Algunas de las medidas de vigilancia que se propongan hoy podrían redefinir radicalmente la relación entre los gobiernos y su población, y debilitar la confianza en las autoridades públicas. Esto no solo podría significar un menoscabo a largo plazo para los derechos humanos, sino que incluso durante la emergencia podría frustrar las acciones de respuesta a la crisis de salud pública.

La declaración enumera ocho situaciones que deben cumplir los gobiernos que pretendan realizar una vigilancia digital.
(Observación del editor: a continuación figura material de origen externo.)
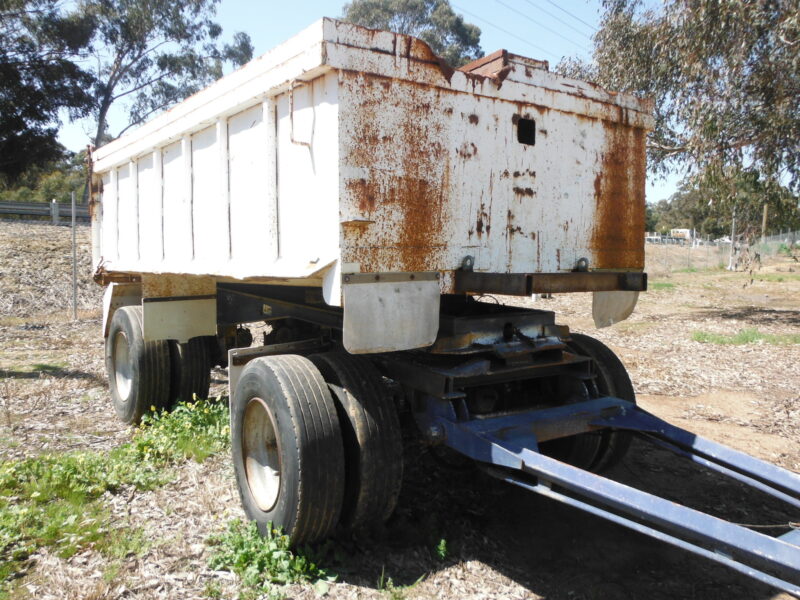 Off road Tipper (D01007)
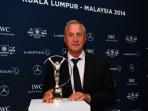 20140611_015951_johan-cruyff-pegangpialaaaaa.jpg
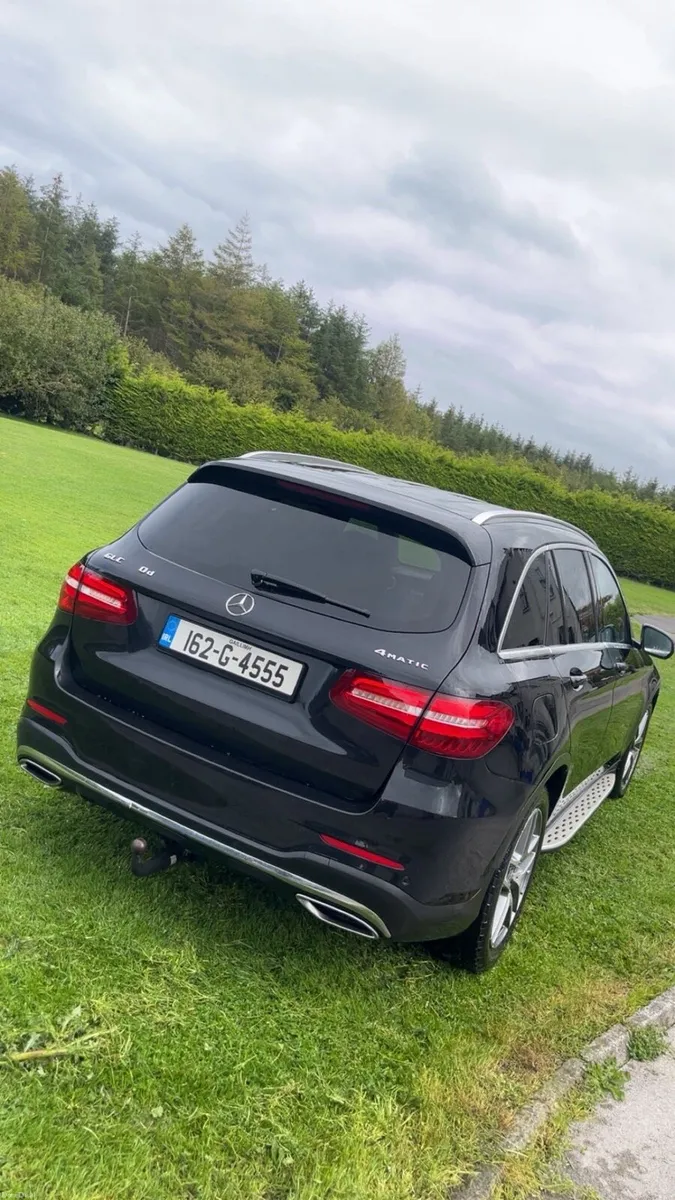 Mercedes AMG GLC220 - Image 3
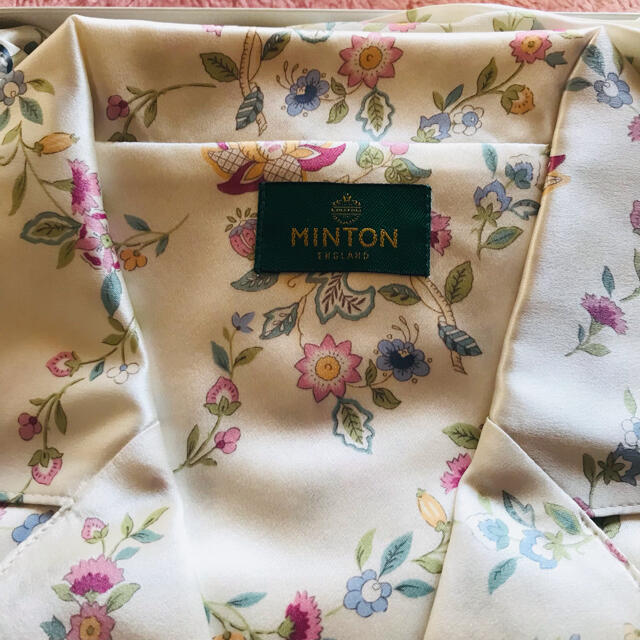 MINTON(ミントン)の【くりりん 様 専用】未使用品　MINTON  ミントン　シルクパジャマ　L レディースのルームウェア/パジャマ(パジャマ)の商品写真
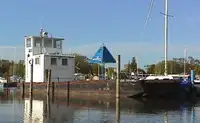 Péniche de Débarquement, Réservoir à vendre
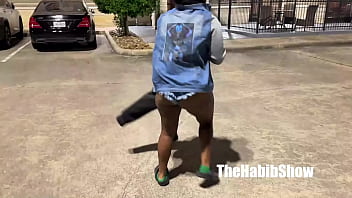 Oh wow this is going to be wild ambitious booty n pimpin in ah bonnet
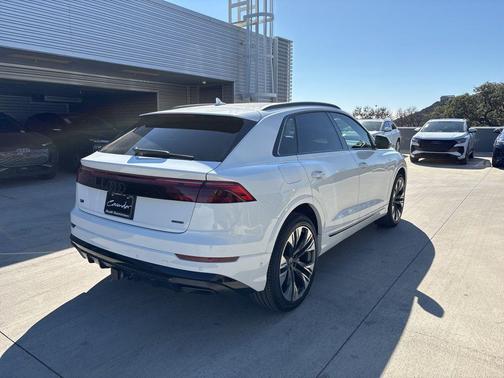 2026 Audi Q8 Premium Plus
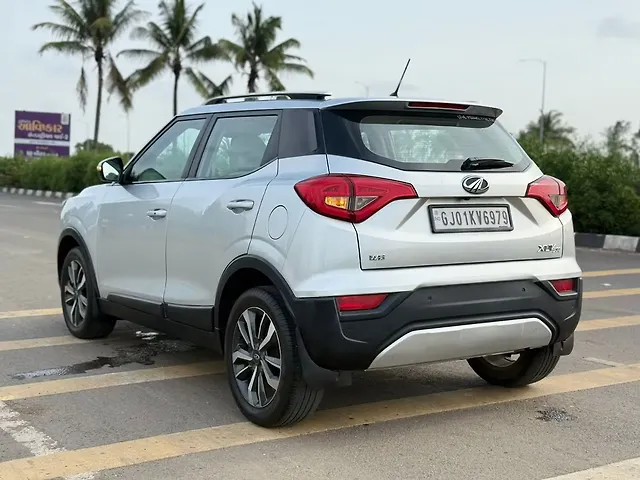 Used Mahindra XUV300 [2019-2024] 1.5 W8 (O) [2019-2020] in Surat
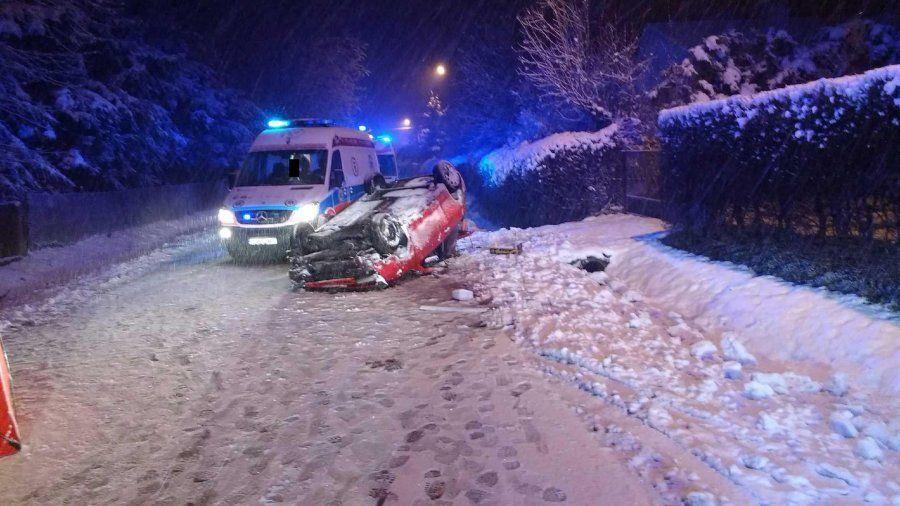 18-letni kierujący uderzył w przepust i dachował. Zginął na miejscu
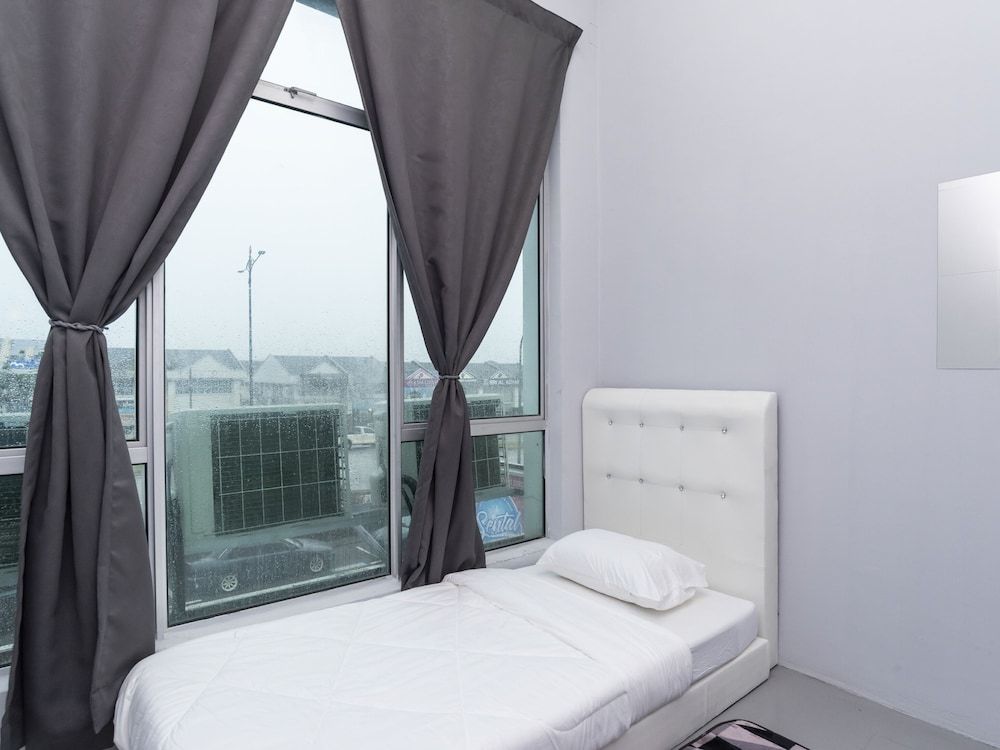 undefined SPOT ON 89757 The Rooms JB 5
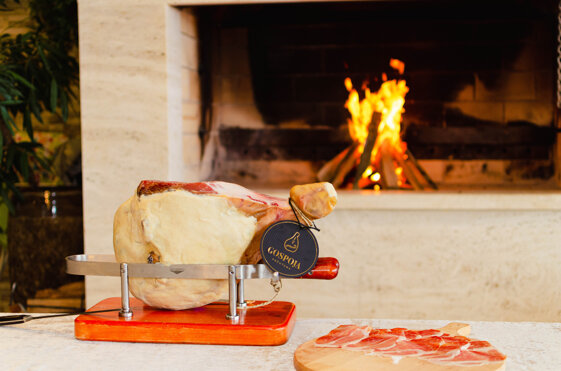 aae22f8e-cf6d-44e1-aaa0-ff41647415a4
Entre otras cosas, las medidas deberían tener las siguientes características:

  • Ser lícitas, necesarias y proporcionadas, transparentes y justificadas por objetivos legítimos de salud pública;
  • Ser de duración limitada y prolongarse solo durante el tiempo necesario para abordar la pandemia ;
  • Tener un alcance y un objeto limitados, y como fin único responder a la pandemia;
  • Garantizar la debida seguridad de los datos personales que se recopilen;
  • Mitigar cualquier riesgo de que se facilite la discriminación u otros abusos contra los derechos de poblaciones marginadas;
  • Ser transparentes con respecto a los acuerdos para compartir datos con otras entidades públicas o del sector privado;
  • Incorporar garantías y salvaguardas contra medidas de vigilancia abusiva, y dar a las personas acceso a recursos efectivos; y
  • Permitir la participación libre, activa y significativa de las partes interesadas pertinentes en la recopilación de datos.


“La tecnología digital podría contribuir a combatir esta pandemia y mantener seguras a las personas, pero solo si los gobiernos observan las normas de derechos humanos al emplear estas herramientas”, indicó Brown.